Based on your 1800 g total fat, 57% NaOH, and the balance KOH, you should be using 147 g NaOH and 174 g KOH. This assumes 3% superfat (no neutralization required), 100% NaOH purity, and 90% KOH purity. 

 I can't figure out a situation where the calculations would give me 207 g NaOH and 156 g KOH for the weights and types of fats you listed. That's a fairly lye heavy recipe. How are you handling the calculation of the NaOH and KOH weights? 

Also my recipe would call for a lot less water-phase liquid, assuming a 3:1 ratio of water phase liquid to lye.

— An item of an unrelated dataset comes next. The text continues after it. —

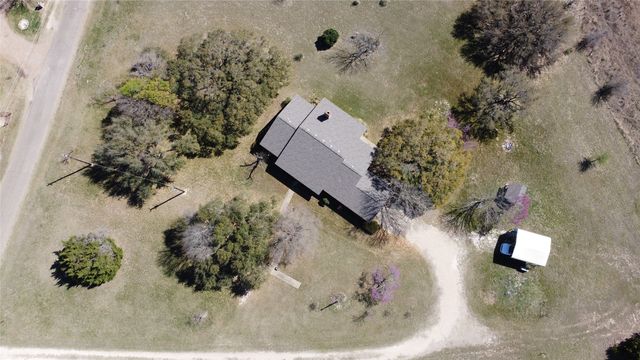 146 Indian Paint Brush, Eddy, TX 76524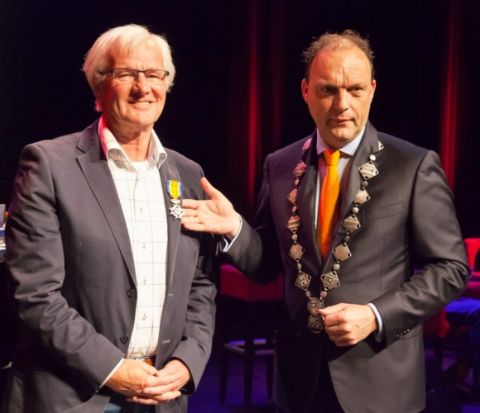 Royal honour for Jan Heuver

My calculations are showing only 864 g total water phase weight (that would be water + glycerin weight). Are you making the paste with this entire 1820 g water + 90 g glycerin? Or is some of this liquid being used for diluting the paste later on after the paste is finished?

I have no idea why your previous recipes didn't zap to high heaven -- what you're describing for this last batch is what I would expect, given the numbers I'm coming up with.

I would be taking Dorymae, Susie, and Brewer's advice -- looking into doing a zap test and looking for measuring errors as well as re-evaluating your recipe.


----------



## divyadinesh07 (Oct 14, 2015)

Dorymae said:


> When you say this is lye heavy, you are doing a zap test right?  You are not depending on drops or strips to test?  Drops and strips are notoriously inaccurate for testing for lye heaviness, so I want to make sure you are not depending on them.



Yes I did a zap test and I literally burnt the tip of my tongue off!


----------



## divyadinesh07 (Oct 14, 2015)

DeeAnna said:


> Not to say I'm always right on my calculations, but I'm coming up with these numbers --
> 
> Based on your 1800 g total fat, 57% NaOH, and the balance KOH, you should be using 147 g NaOH and 174 g KOH. This assumes 3% superfat (no neutralization required), 100% NaOH purity, and 90% KOH purity.
> 
> ...



I use the SAPONIFY app to calculate the measures. For 100gm of these oils it recommended 21gm of KOH. But with my trial and error I homed in on the 57% NAOH & 43%KOH that forms a paste which when diluted gives me a gel consistency.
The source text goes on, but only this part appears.